Si parla ancora a tanti anni dalla morte di Eduardo, ma non si parla più di suo fratello Peppino. In vita Eduardo ebbe onori e riconoscimenti – meritati, meritatissimi -, fu anche nominato dal Presidente della Repubblica Sandro Pertini senatore a vita, il suo teatro fu rappresentato in tutto il mondo e tradotto in tutte le lingue, persino in russo e in cinese.

Peppino invece visse sempre ai margini, non fu mai accettato dalla cultura ufficiale, e il suo teatro pur avendo grande successo in patria, non varcò mai, tranne rare eccezioni, i confini nazionali e non fu mai rappresentato nei teatri più importanti.

Peppino attribuiva tutto questo all’ostilità di suo fratello, più autorevole e più influente sulle maniglie della politica.

Lo disse a più riprese pubblicamente e lo scrisse anche in un libro di memorie che si intitolava Una famiglia difficile e nel quale rivangava impietosamente le miserie della sua famiglia, segnata da segreti e da liti furibonde.

A distanza di tanti anni possiamo dire che Eduardo, dopo Pirandello, fu il più grande commediografo italiano del ‘900, mentre il teatro di Peppino è considerato un teatro minore, che riesce a mantenersi alto soltanto quando ricorre allo schema della farsa in cui Peppino è sicuramente re. Ma possiamo anche dire che Peppino fu un attore straordinario, che nella corda comica superava di gran lunga suo fratello Eduardo.

 

Ma il motivo di questa fama dimezzata è dovuto anche alla grande influenza che hanno i media nella conservazione e nella tradizione della memoria. Il cinema di Totò è stato riscoperto, rilanciato e consegnato a nuova vita e conseguentemente la stessa sorte è toccata a Peppino, compagno straordinario di Totò in ben 16 film, dove il ruolo della “spalla” tradizionale (il compagno del comico che si limita a porgere al comico il destro per il lazzo e per la battuta) viene completamente ribaltato, fino a farlo diventare il secondo elemento di una vera e propria coppia comica. Totò aveva ottenuto il privilegio (primo fra gli attori italiani) di avere il proprio nome nel titolo. Un privilegio che successivamente fu esteso anche a Peppino: «Totò e Peppino…» 

Peppino avvia la collaborazione con Totò nel 1952 con il film Totò e le donne.

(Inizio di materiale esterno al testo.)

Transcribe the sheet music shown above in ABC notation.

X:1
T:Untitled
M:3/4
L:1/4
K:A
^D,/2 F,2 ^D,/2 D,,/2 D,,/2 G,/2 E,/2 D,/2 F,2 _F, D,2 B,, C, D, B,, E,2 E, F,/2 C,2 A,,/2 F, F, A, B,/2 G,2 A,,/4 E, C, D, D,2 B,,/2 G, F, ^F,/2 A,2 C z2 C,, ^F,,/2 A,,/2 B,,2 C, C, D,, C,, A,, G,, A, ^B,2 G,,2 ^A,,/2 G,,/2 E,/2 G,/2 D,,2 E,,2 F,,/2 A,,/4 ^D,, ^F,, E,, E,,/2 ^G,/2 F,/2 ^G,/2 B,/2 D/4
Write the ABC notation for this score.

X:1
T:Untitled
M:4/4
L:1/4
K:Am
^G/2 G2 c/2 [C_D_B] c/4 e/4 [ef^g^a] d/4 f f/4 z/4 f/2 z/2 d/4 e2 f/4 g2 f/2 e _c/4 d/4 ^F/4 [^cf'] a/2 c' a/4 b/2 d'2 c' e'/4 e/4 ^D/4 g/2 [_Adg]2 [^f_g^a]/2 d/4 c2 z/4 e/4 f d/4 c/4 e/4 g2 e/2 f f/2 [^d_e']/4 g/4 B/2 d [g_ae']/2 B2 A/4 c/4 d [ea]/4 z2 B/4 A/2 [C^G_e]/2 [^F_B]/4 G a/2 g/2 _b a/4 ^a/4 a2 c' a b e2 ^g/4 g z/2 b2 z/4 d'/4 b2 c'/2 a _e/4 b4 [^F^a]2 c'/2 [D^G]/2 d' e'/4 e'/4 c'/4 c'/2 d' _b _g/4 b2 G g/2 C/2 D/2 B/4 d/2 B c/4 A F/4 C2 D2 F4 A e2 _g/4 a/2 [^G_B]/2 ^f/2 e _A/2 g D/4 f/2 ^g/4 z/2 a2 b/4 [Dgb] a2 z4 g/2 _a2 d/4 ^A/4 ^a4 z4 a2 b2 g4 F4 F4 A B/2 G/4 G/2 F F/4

Ne gireranno assieme sedici in totale, di cui parecchi con i loro nomi nel titolo.

Con la sua aria da vittima, da contadino ottuso e caparbio, Peppino offre a Totò il destro per esercitare, con esilaranti effetti comici, la sua corda “cattiva”.

Tra i due si instaura immediatamente un rapporto vittima-carnefice, tenuto in piedi sempre da due personaggi poveri, vinti, entrambi vittime ma che giocano a prevaricarsi tra di loro, improvvisando espedienti di vita e facendo ricorso ad un linguaggio e ad espressioni gestuali totalmente inventati, che capiscono solo loro. Ma che vale anche ad isolarli dal contesto, rendendo difficile l’inserimento.

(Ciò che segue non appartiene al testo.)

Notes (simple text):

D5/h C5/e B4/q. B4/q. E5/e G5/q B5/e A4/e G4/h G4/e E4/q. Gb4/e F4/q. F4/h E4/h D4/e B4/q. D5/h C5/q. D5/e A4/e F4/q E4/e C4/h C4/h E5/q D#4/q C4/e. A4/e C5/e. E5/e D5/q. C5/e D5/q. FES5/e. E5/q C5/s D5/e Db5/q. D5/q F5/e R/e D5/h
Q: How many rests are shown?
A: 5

Eduardo dopo la rottura con il fratello, avvenuta proprio alla fine della guerra, si sente come liberato e subito dopo scriverà le sue opere più mature come Napoli milionaria!, Questi fantasmi! dove fa sua la lezione pirandelliana e Filumena Marturano scritta per la sorella Titina. Peppino ci metterà alcuni anni per decidere di mettere su un teatro suo, dedicandosi alla rivista e al cinema,  e quando lo farà lo chiamerà «Compagnia del Teatro Italiano» in polemica con Eduardo che invece continuerà a scrivere e a recitare in napoletano, sia pure in quel suo napoletano borghese, un po’ italianizzato.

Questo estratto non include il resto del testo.